Funding for ArtsUprising is diversified across grants, philanthropic gifts, crowdfunding, and fee-for-service contracts. Major institutional funders have included foundations and donors associated with the Andrew W. Mellon Foundation, the Ford Foundation, the Rockefeller Foundation, and regional arts councils such as the Arts Council England and the Canada Council for the Arts. Corporate partnerships have been negotiated with cultural sponsors who previously supported events at LVMH, Google Arts & Culture, and media partners linked to outlets like The Guardian and The New York Times. Artistic partnerships range across museums, biennials, and festival organizers including the Serpentine Galleries, Venice Biennale, Biennale de São Paulo, and public broadcasters such as the BBC and PBS.

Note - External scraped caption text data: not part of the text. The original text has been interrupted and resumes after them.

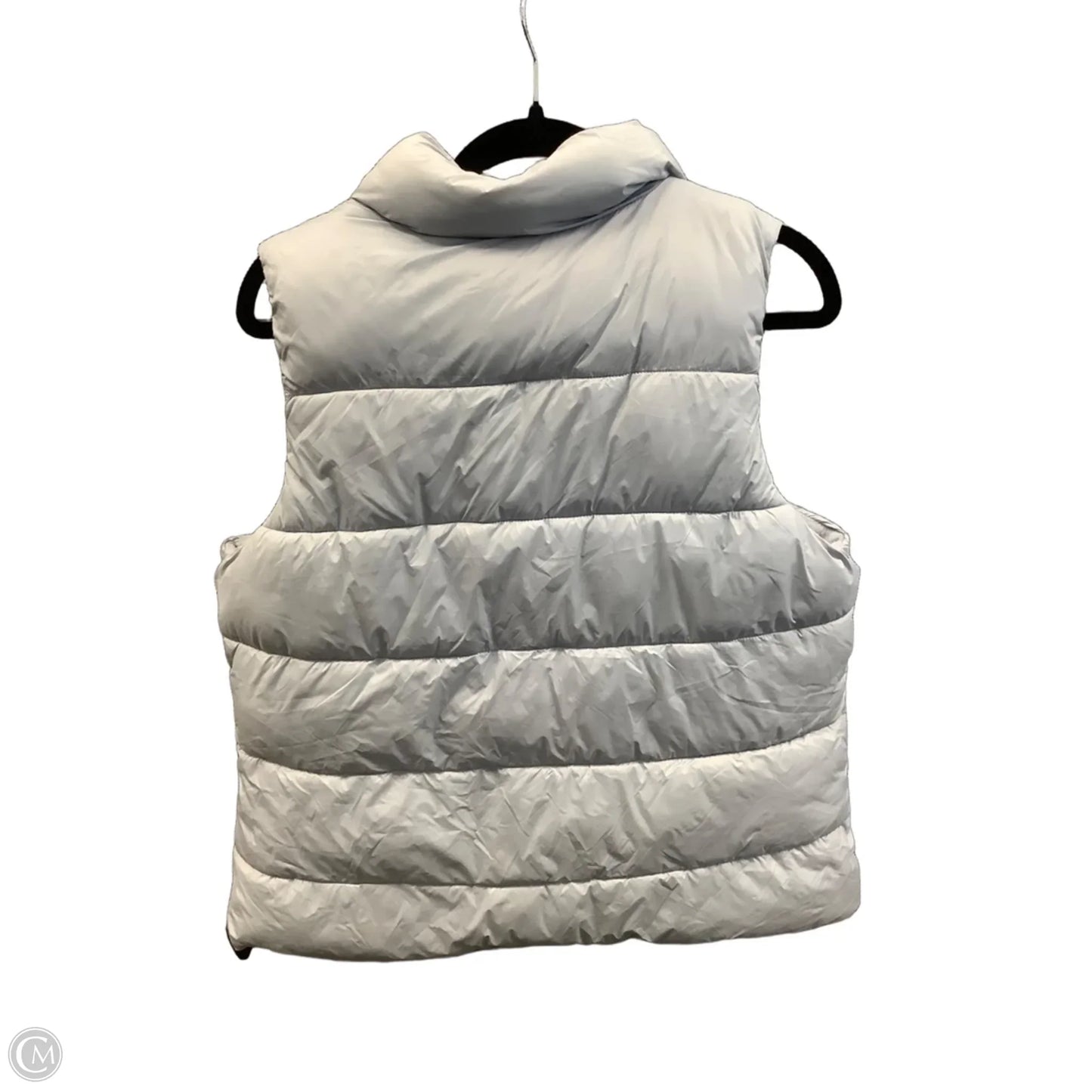 Vest Puffer & Quilted By Old Navy In Grey, Size: L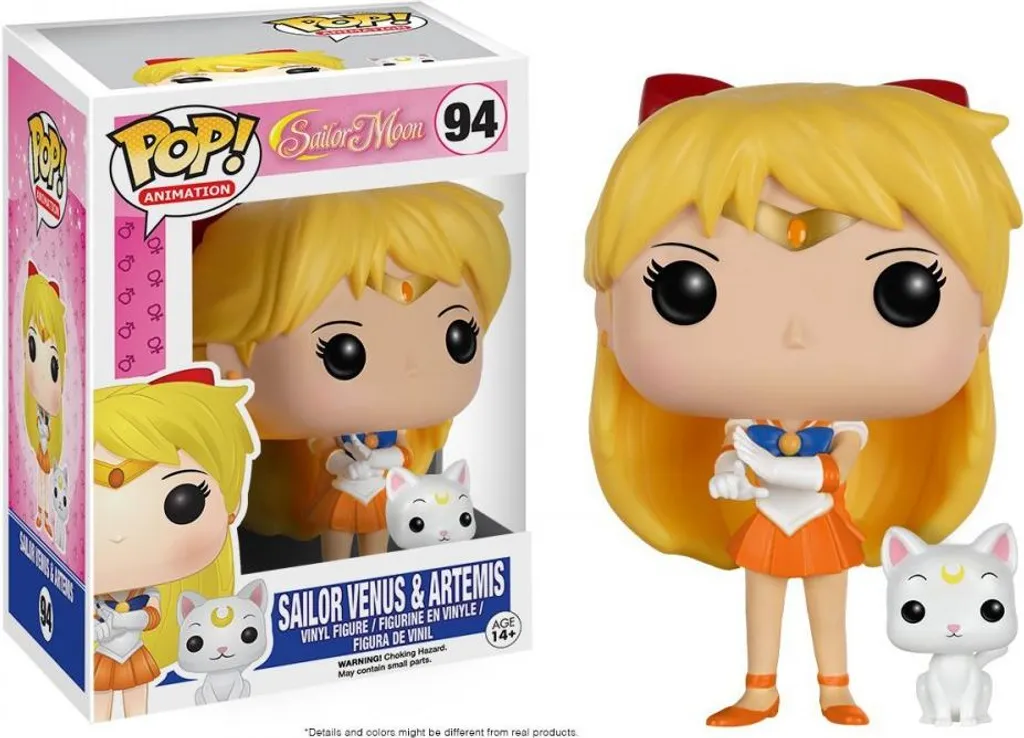 Figurine Funko Pop Sailor Moon Sailor Venus & Artemis Animation n°266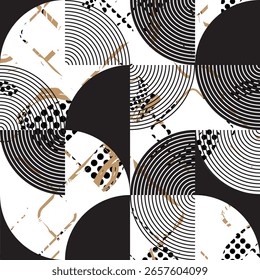 seamless pattern with abstract geometric shapes 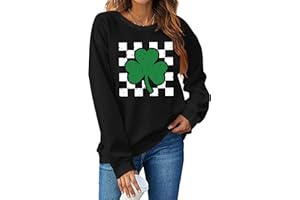 Ithalt St Patricks Day Shirt Women Lucky Irish Shamrock Tshirt Saint Patricks Day Tee Tops Green Long Sleeve Shirts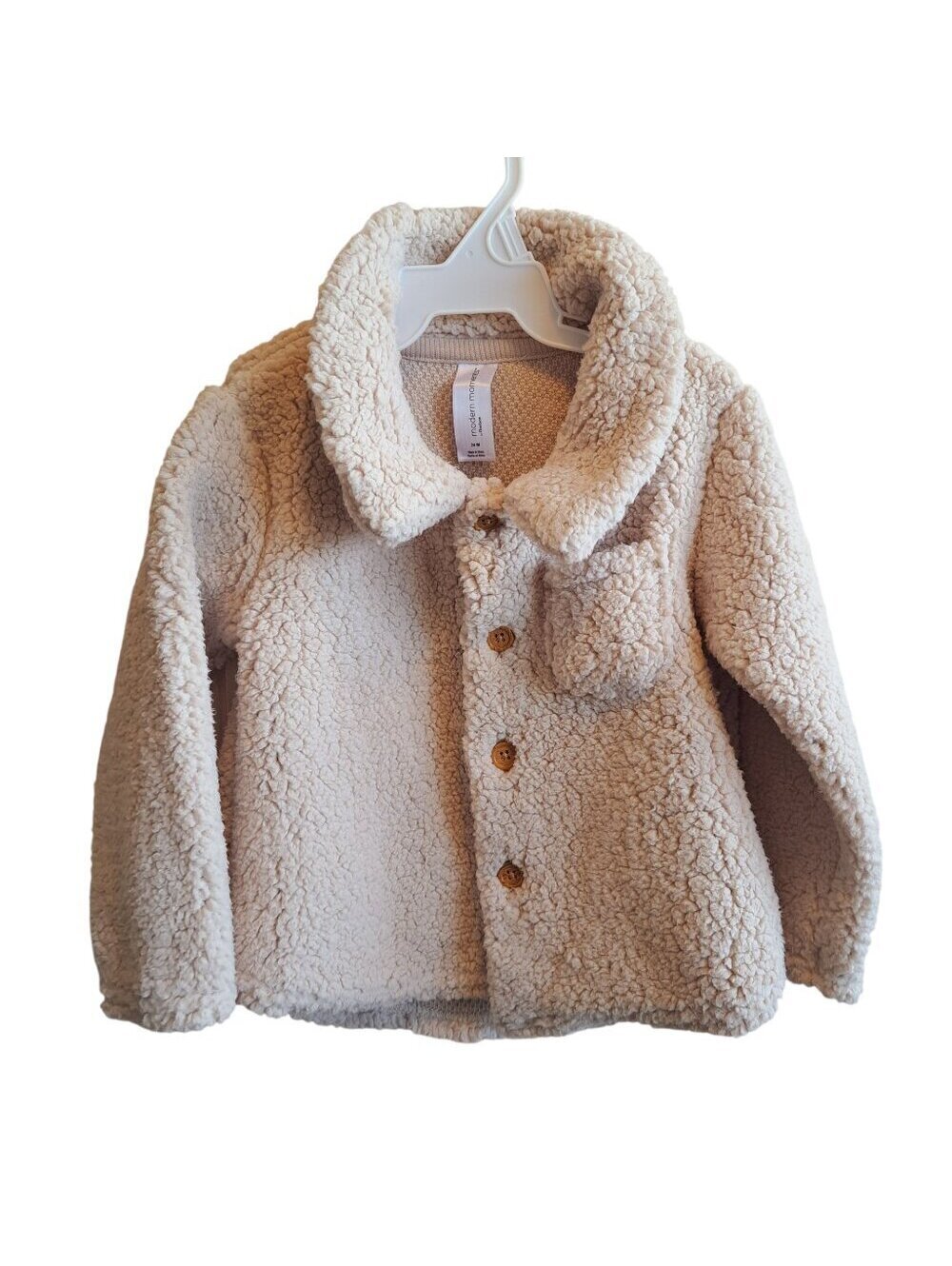 Winter Fall Autumn Cozy Unisex Micro Plush Button Down Jacket Size 24 Months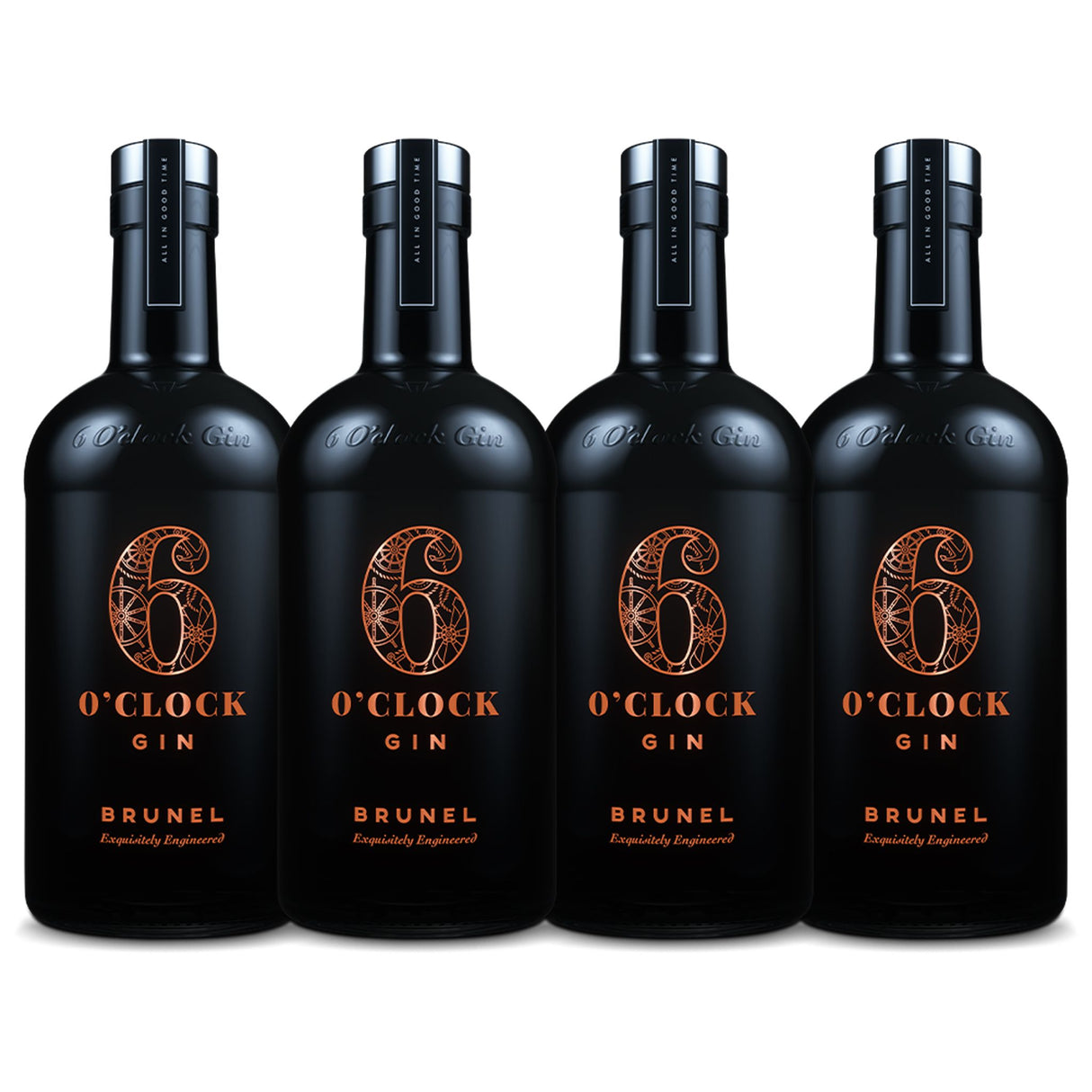 6 O'Clock Brunel Edition Gin (4) Bottle Bundle at CaskCartel.com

Critics and commentators have debated ArtsUprising’s legacy, with supporters citing successful campaigns that influenced municipal policy in cities like Seattle and Barcelona and elevated funding for neighborhood arts programs in regions of Mexico and South Africa. Positive coverage has appeared in outlets including Artforum, The New Yorker, and ArtReview, while scholars from Columbia University and University College London have published case studies on its interventions. Detractors associated with conservative-leaning cultural critics and some municipal officials have questioned tactics used during direct actions, citing frictions similar to past controversies involving the Guerilla Girls and activist artists linked to ACT UP. Independent evaluations by cultural policy researchers and think tanks such as the Brookings Institution and Institute for Public Policy Research have documented mixed outcomes, noting both measurable gains in participation and ongoing challenges in institutionalizing reforms.